**Problem details:** This exercise calls for every line of the listing below that contains the word "Party".

**Data under study:**
_ _ _ _ _ _ _
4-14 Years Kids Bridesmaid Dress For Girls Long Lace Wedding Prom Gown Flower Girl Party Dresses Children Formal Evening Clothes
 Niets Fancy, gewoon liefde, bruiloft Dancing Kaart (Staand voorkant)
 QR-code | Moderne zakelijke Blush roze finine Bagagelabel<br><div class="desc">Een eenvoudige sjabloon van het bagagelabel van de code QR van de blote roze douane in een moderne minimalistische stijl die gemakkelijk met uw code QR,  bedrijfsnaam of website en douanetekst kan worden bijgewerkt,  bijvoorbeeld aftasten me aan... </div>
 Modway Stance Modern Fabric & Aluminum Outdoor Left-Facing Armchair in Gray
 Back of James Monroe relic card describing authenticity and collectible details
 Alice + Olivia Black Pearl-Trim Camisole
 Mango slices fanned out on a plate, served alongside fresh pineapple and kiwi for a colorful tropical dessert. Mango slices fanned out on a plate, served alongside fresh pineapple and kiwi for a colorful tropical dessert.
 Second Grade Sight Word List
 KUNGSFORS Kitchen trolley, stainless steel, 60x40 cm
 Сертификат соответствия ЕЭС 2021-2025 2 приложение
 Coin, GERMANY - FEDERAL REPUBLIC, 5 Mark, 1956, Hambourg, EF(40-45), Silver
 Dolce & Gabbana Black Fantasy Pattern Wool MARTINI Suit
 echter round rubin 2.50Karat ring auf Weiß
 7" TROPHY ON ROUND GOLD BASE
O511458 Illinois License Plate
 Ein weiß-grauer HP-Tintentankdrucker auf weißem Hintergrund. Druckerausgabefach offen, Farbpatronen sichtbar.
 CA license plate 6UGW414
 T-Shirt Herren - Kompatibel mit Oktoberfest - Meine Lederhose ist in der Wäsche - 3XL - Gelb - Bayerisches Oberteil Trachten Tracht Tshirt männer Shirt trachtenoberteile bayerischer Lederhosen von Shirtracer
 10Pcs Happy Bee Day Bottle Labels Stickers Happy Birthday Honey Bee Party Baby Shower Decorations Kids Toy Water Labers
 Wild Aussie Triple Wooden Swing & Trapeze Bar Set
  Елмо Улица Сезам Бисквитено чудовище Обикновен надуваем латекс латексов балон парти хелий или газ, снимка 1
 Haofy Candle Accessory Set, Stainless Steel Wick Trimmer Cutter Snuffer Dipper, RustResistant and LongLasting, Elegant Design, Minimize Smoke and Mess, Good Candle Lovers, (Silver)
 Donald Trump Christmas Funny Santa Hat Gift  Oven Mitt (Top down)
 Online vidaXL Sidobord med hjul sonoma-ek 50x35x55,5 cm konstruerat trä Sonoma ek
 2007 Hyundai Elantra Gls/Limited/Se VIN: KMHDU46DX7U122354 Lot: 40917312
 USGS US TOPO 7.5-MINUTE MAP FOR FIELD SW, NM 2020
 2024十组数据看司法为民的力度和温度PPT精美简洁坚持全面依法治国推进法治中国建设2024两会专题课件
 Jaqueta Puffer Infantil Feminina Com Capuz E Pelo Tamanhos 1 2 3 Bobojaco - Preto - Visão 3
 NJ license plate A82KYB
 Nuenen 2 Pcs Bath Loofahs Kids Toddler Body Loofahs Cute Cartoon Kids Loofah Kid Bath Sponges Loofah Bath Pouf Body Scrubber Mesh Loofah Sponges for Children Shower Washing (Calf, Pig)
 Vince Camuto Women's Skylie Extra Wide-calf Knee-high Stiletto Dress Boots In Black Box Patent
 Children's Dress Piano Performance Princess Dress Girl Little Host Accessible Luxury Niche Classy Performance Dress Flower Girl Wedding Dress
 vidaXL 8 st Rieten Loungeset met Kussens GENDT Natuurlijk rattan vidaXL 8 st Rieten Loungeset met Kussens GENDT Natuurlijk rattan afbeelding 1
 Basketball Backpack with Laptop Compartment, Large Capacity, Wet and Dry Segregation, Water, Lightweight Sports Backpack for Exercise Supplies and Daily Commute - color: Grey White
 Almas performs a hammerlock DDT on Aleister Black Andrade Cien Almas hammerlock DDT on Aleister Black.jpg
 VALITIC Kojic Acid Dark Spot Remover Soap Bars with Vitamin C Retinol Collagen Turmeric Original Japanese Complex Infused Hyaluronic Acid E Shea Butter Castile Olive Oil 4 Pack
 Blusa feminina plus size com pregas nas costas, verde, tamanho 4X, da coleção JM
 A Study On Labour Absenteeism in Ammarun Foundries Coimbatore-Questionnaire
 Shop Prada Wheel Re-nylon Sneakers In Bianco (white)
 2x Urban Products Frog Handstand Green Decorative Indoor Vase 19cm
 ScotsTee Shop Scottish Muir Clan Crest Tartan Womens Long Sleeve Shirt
_ _ _ _ _ _ _
**Written response:**
4-14 Years Kids Bridesmaid Dress For Girls Long Lace Wedding Prom Gown Flower Girl Party Dresses Children Formal Evening Clothes
 10Pcs Happy Bee Day Bottle Labels Stickers Happy Birthday Honey Bee Party Baby Shower Decorations Kids Toy Water Labers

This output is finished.